Monday, 2 June 2014

Recipe | Chickpea, Spinach and Tomato Stew


Hi lovelies! Recently I have been loving watching Estee and Aslan's vlogs, especially Aslan's cooking series. This particular recipe was for a chickpea dish with a tomato sauce base. I thought it looked perfect for a drizzly day here in Australia so I decided to give it a shot. You can watch Aslan's video here

Serves 3-4 as main
Ingredients
500g of chickpeas, drained
500g spinach, rinsed
300mL Vegetable (or chicken) Stock
5 ripe tomatoes, roughly chopped
3 cloves of garlic, diced
3 eggs
1 tbsp sundried tomato paste
Flour (optional)
Ground cumin
Olive Oil
Salt and Pepper


Start by wilting the spinach over a low heat. Five hundred grams of spinach sounds like a lot, but I always find it astonishing that such a large amount of raw spinach disappears into nothing. After it's cooked place in a sieve and squeeze out any remaining water. Roughly chop and set to one side. 


 The pasta sauce for this dish is really simple. Just chop up 5 ripe tomatoes and add into a food processor. I also included a spoonful of pureed sun dried tomatoes for a really rich tomato flavour. I decided not to strain the puree, but if you want a really smooth end product the just let it strain through a sieve. 

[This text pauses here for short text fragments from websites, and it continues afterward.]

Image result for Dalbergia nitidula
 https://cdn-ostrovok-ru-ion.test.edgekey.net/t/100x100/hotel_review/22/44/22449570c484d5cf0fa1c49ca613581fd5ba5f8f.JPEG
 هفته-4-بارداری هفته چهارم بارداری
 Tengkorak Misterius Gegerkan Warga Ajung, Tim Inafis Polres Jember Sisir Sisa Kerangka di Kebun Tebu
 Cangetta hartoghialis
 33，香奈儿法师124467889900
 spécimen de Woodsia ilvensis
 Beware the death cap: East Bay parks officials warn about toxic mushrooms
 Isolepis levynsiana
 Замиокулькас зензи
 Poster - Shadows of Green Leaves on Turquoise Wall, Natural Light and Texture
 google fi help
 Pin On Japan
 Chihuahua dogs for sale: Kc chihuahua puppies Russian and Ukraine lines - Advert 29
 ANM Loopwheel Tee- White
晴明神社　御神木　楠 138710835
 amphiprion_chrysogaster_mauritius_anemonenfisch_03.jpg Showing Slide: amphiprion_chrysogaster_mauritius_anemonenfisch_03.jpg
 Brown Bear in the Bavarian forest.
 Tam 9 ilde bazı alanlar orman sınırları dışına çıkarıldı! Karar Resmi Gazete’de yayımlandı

Onto to the actual cooking! Heat some olive oil in a large pan on a medium heat. Once the oil is hot add in the garlic and let it fry off for a minute or so. Then add in the tomato puree and chickpeas. After giving that a couple of minutes add in the stock and cumin. Bring the mixture to a simmer and leave it to reduce for around 10 minutes. To thicken the mixture further you could add a little flour, however I preferred to leave it on the stove for just a little longer. 


Rather than boiling my eggs over the stove, I was lazy and cooked them in the microwave. It's much quicker this way, around 30 seconds per egg, plus you don't have to peel them. I roughly cut them and kept them to one side to add on top of the chickpea stew after serving. 


Once your chickpea mixture has reduced, remove from the heat and stir through the wilted spinach. Serve the stew alongside some fresh bread and butter for a quick lunch. 


I love having a warm lunch during the winter months and I found this one really warming and hearty. It still tasted great cold, so a great one to pack for an easy on-the-go lunch as well. 

What are your favourite winter time lunch options?